Ray Elgaard

No. 81
- Position: Slotback

Personal information
- Born: August 29, 1959 (age 66) Edmonton, Alberta, Canada
- Height: 6 ft 3 in (1.91 m)
- Weight: 220 lb (100 kg)

Career information
- College: Utah
- CFL draft: 1983: 2nd round, 12th overall pick

Career history
- 1983–1996: Saskatchewan Roughriders

Awards and highlights
- Grey Cup champion (1989); 3× CFL's Most Outstanding Canadian Award (1988, 1990, 1992); 4× CFL All-Star (1985, 1988, 1992, 1993); 6× CFL West All-Star (1985, 1987, 1988, 1990, 1992, 1993); Dr. Beattie Martin Trophy (1988); Saskatchewan Plaza of Honor (1999); Ranked 36th of TSN's Top 50 players;
- Canadian Football Hall of Fame (2002)

= Ray Elgaard =

Canadian gridiron football player (born 1959)
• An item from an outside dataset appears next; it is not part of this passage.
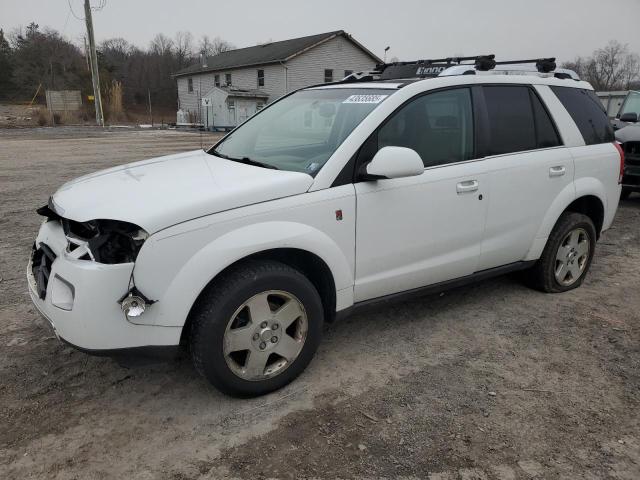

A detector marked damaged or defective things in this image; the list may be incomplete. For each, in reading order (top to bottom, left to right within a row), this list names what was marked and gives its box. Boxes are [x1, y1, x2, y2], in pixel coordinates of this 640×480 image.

crumpled hood [53, 149, 316, 233]
damaged front bumper [27, 218, 181, 352]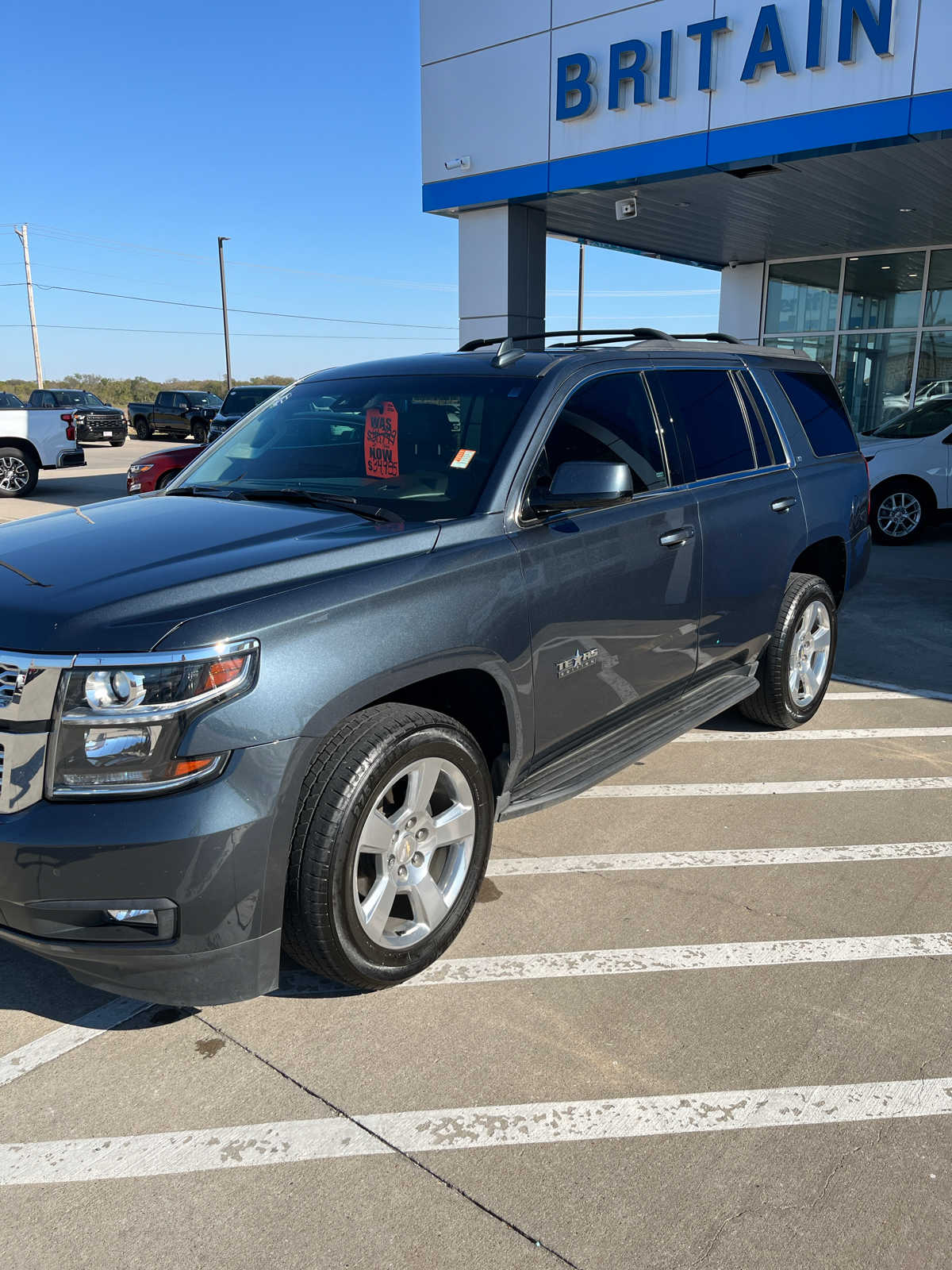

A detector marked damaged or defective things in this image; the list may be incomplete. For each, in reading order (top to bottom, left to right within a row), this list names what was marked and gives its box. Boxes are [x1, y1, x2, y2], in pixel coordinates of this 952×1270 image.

pavement crack [195, 1010, 581, 1270]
Raymond Elgaard (born August 29, 1959) is a former Canadian Football League (CFL) slotback for the Saskatchewan Roughriders from 1983 through 1996, including winning the 77th Grey Cup in 1989. A big man, he was noted for his reliability as a receiver and his toughness on the field. He retired as the all-time leader in receptions and receiving yards in the Canadian Football League (830 receptions, 13,198 receiving yards, eight 1,000 yard seasons).

Elgaard played rugby for Magee Secondary School and the Kats, college football at the University of Utah, and now resides in Las Vegas. He was a three-time CFL Most Outstanding Canadian and a four-time CFL All-Star. He is a member of the Canadian Football Hall of Fame and in November, 2006 was voted one of the CFL's Top 50 players (#36) of the league's modern era by Canadian sports network TSN.
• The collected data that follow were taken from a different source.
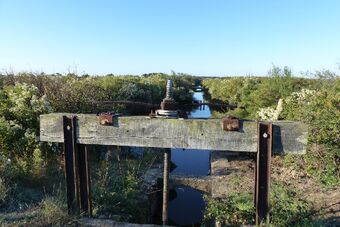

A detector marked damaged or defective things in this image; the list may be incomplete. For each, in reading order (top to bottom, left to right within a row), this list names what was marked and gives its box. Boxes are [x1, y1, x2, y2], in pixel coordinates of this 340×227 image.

rusty metal post [61, 116, 79, 215]
rusty metal post [255, 121, 274, 224]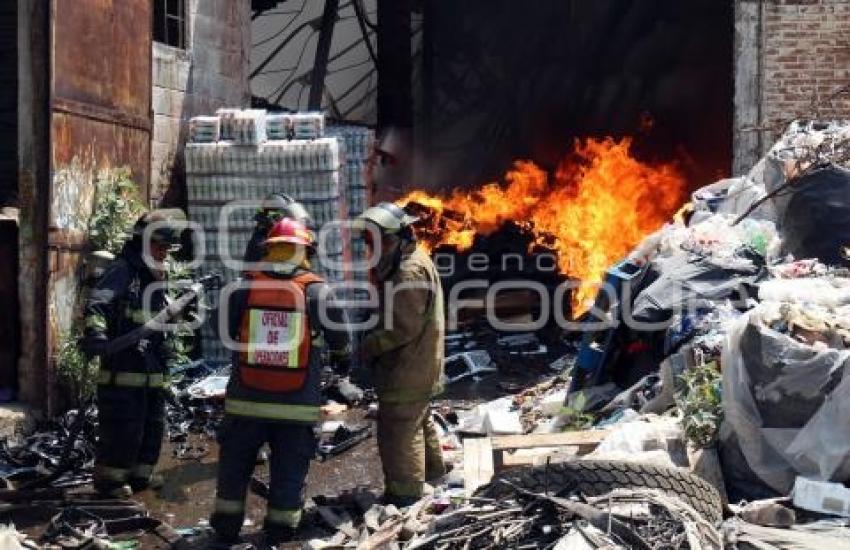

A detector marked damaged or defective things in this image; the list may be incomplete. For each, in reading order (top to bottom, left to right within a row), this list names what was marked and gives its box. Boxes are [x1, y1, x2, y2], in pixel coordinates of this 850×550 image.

rusty metal wall [44, 0, 152, 414]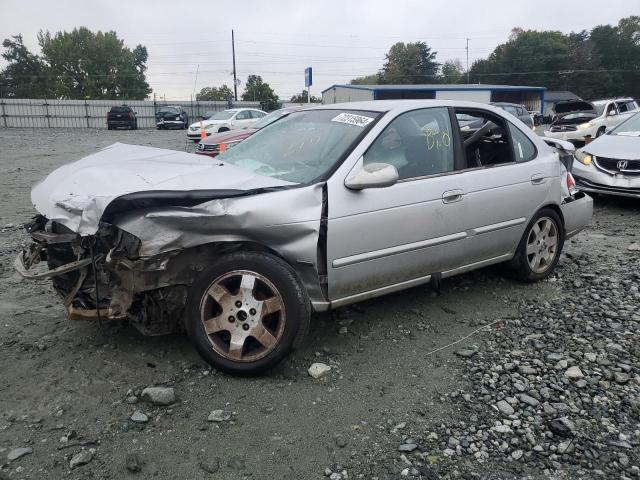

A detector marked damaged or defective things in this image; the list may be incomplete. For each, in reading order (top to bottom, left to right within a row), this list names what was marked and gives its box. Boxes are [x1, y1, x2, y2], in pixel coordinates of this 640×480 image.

damaged hood [31, 142, 294, 235]
crushed front end [14, 216, 190, 336]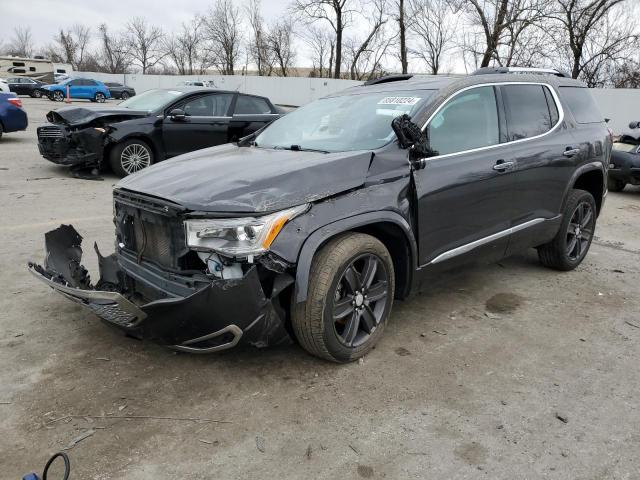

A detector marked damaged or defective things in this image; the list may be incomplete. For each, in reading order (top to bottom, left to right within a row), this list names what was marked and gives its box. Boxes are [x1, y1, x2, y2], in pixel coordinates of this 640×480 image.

crumpled hood [46, 106, 149, 125]
damaged sedan [36, 86, 282, 176]
crumpled hood [117, 142, 372, 210]
broken headlight [184, 203, 308, 256]
damaged black suv [28, 66, 608, 360]
damaged sedan [30, 69, 608, 362]
crushed front bumper [28, 225, 292, 352]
During the off-season in the mid-1980s, Elgaard was known for waiting tables in the most popular nightclub in Regina, “Checkers” in the south-Regina Landmark Inn. Due to Ray's impressive size, other wait-staff were often seen “drafting” behind Elgaard as he pushed through the crowd while making his rounds.